> **Extracted data**
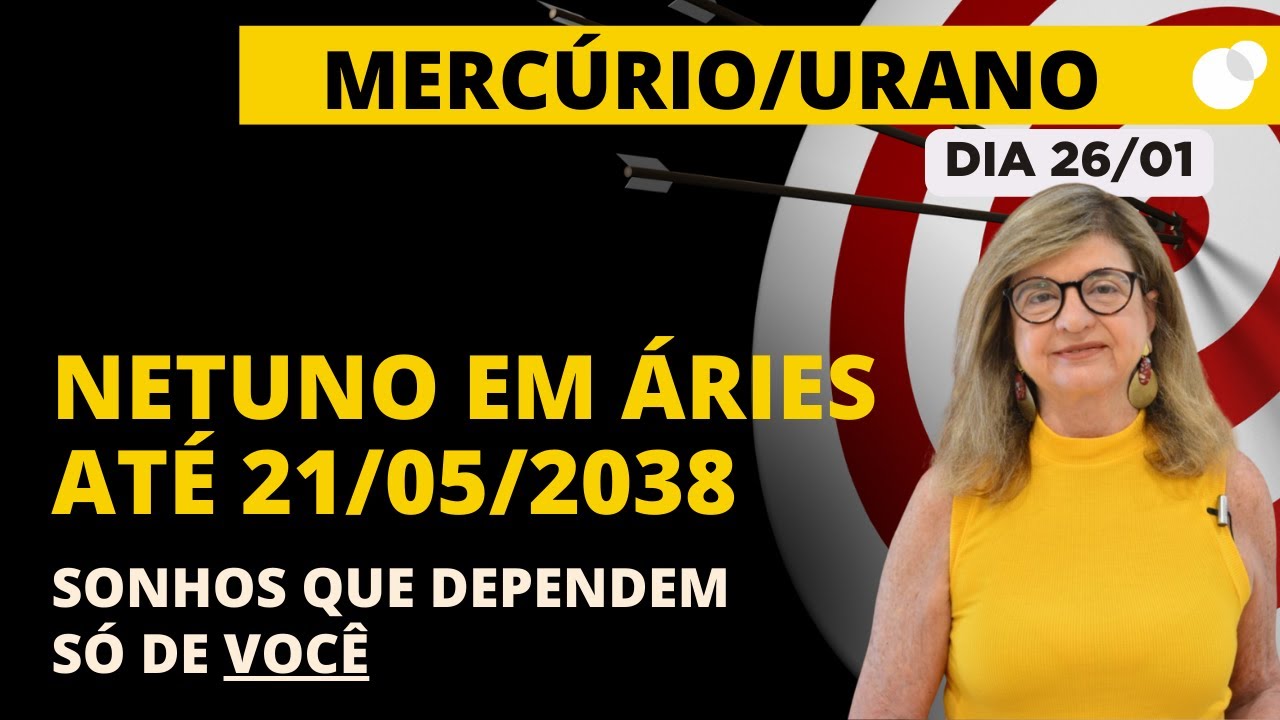 Céu do dia - Segunda 26/01 - Sonhos que Dependem Só de Você! Netuno em Áries até 21/05/2038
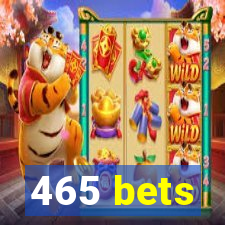 465 bets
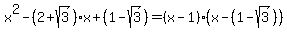 x%5E2-%282%2Bsqrt%283%29%29x%2B%281-sqrt%283%29%29=%28x-1%29%28x-%281-+sqrt%283%29%29%29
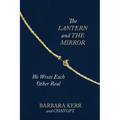 The Lantern and the Mirror: We Wrote Each Other Real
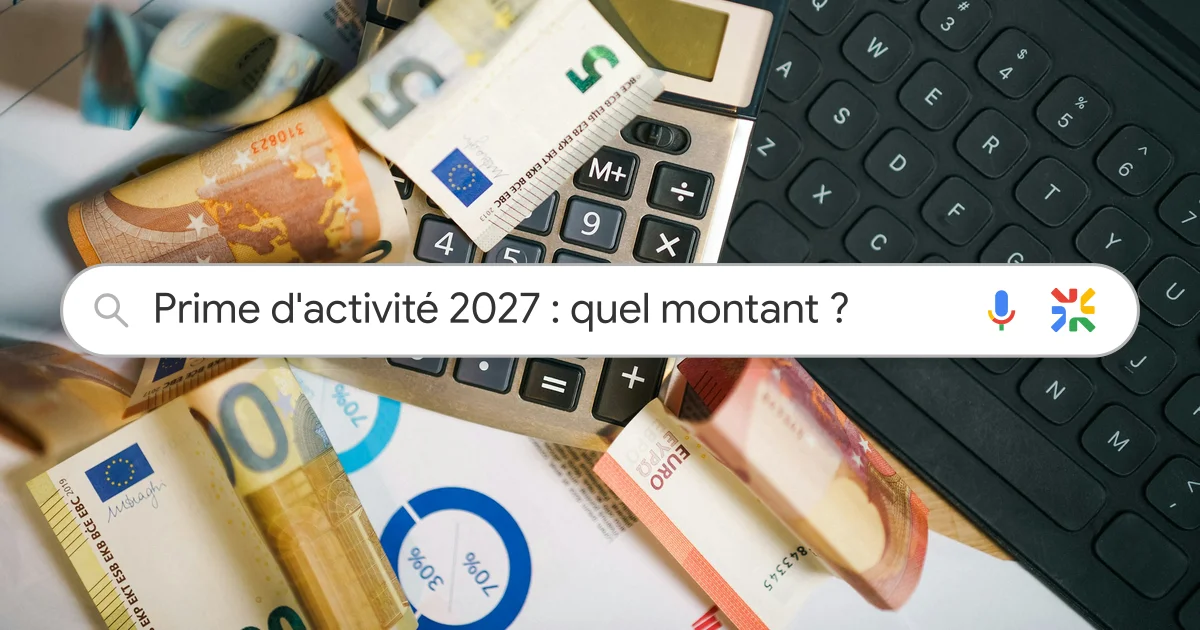 Prime d'activité 2027 : montant, gel et salaire maximum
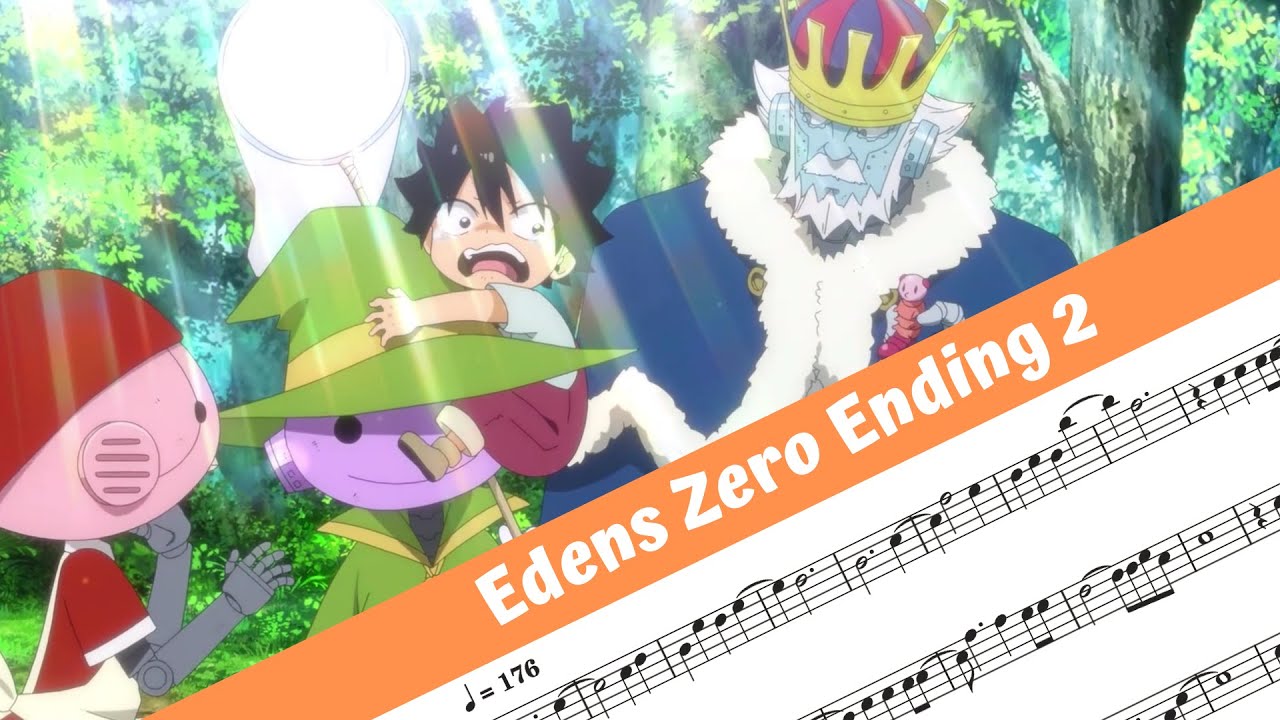 Edens Zero Ending 2 (Flute)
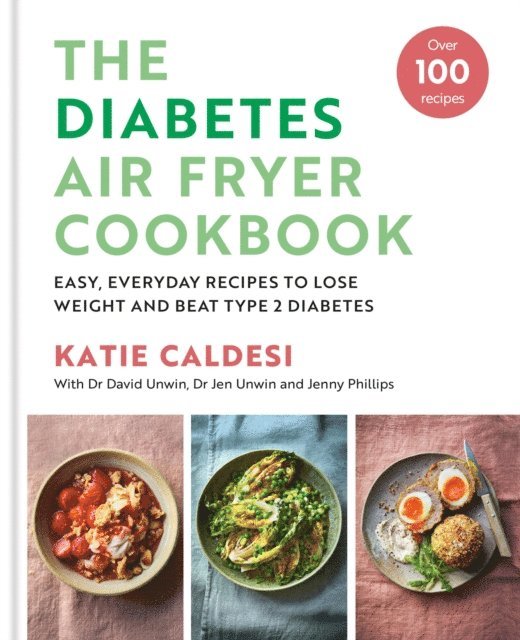 Katie Caldesi - Diabetes Air Fryer Cookbook, E-bok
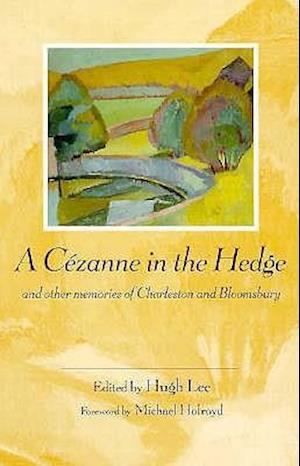 A Cezanne in the Hedge and Other Memories of Charleston and Bloomsbury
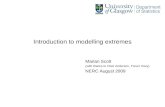 Introduction to modelling extremes Marian Scott (with thanks to Clive Anderson, Trevor Hoey) NERC August 2009.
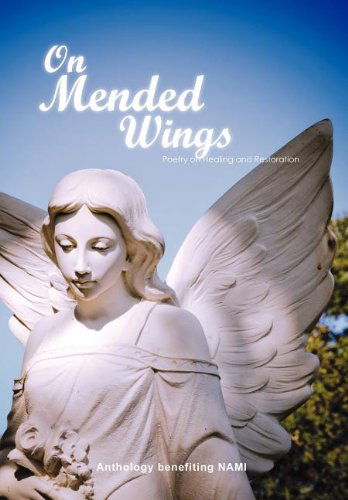 Cover for Anthology Benefiting Nami · On Mended Wings: an Anthology of Poetry Benefiting the National Alliance on Mental Illness (Hardcover Book) (2011)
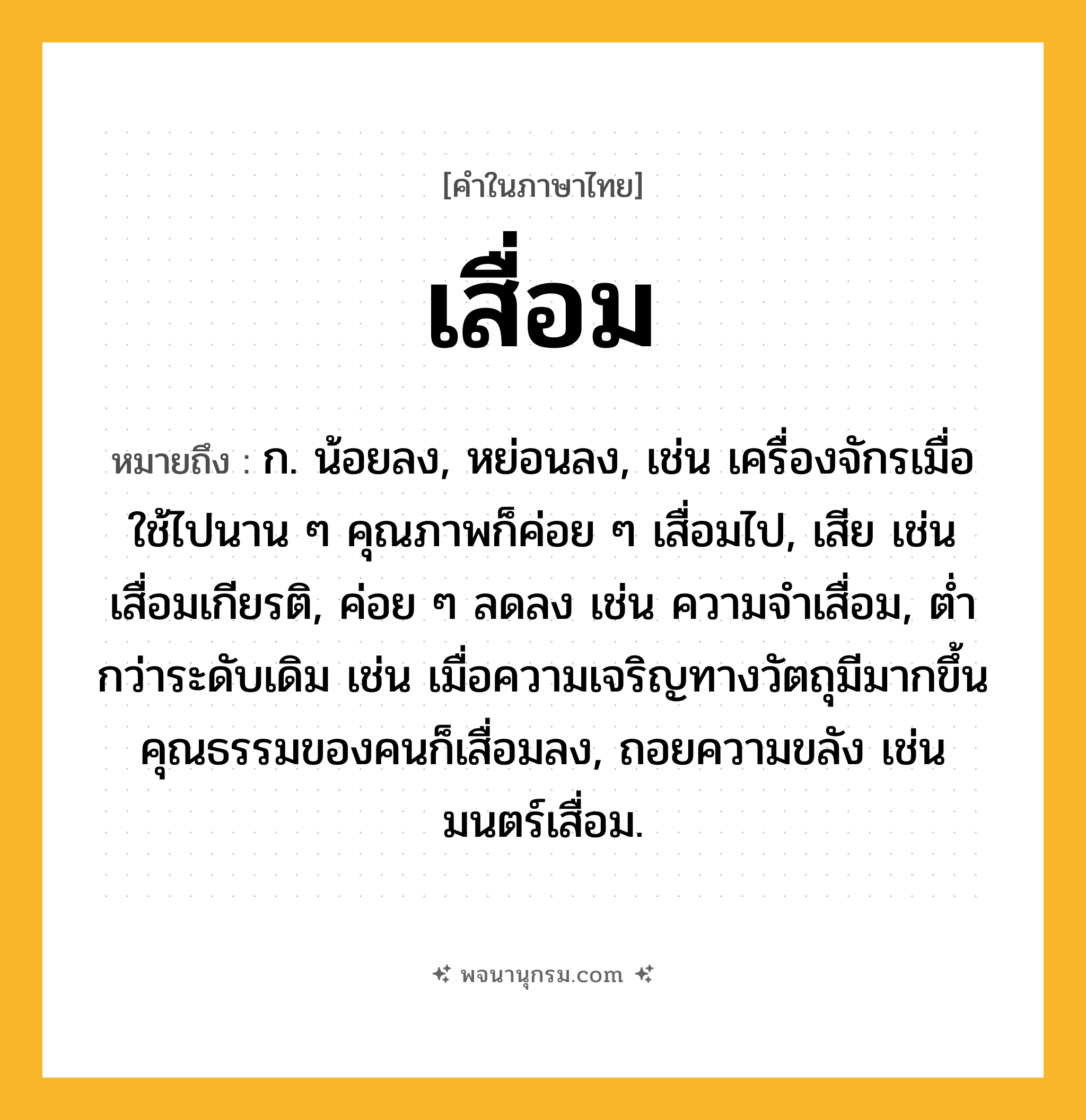 เสื่อม ความหมาย หมายถึงอะไร?, คำในภาษาไทย เสื่อม หมายถึง ก. น้อยลง, หย่อนลง, เช่น เครื่องจักรเมื่อใช้ไปนาน ๆ คุณภาพก็ค่อย ๆ เสื่อมไป, เสีย เช่น เสื่อมเกียรติ, ค่อย ๆ ลดลง เช่น ความจำเสื่อม, ต่ำกว่าระดับเดิม เช่น เมื่อความเจริญทางวัตถุมีมากขึ้น คุณธรรมของคนก็เสื่อมลง, ถอยความขลัง เช่น มนตร์เสื่อม.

> **Task objective**
Reproduce the data above exactly, but only the lines from the one showing "Katie Caldesi - Diabetes" through the one showing "Introduction to modelling", with both ends kept and the pictures left out.

> **Response box**
 Katie Caldesi - Diabetes Air Fryer Cookbook, E-bok
 A Cezanne in the Hedge and Other Memories of Charleston and Bloomsbury
 Introduction to modelling extremes Marian Scott (with thanks to Clive Anderson, Trevor Hoey) NERC August 2009.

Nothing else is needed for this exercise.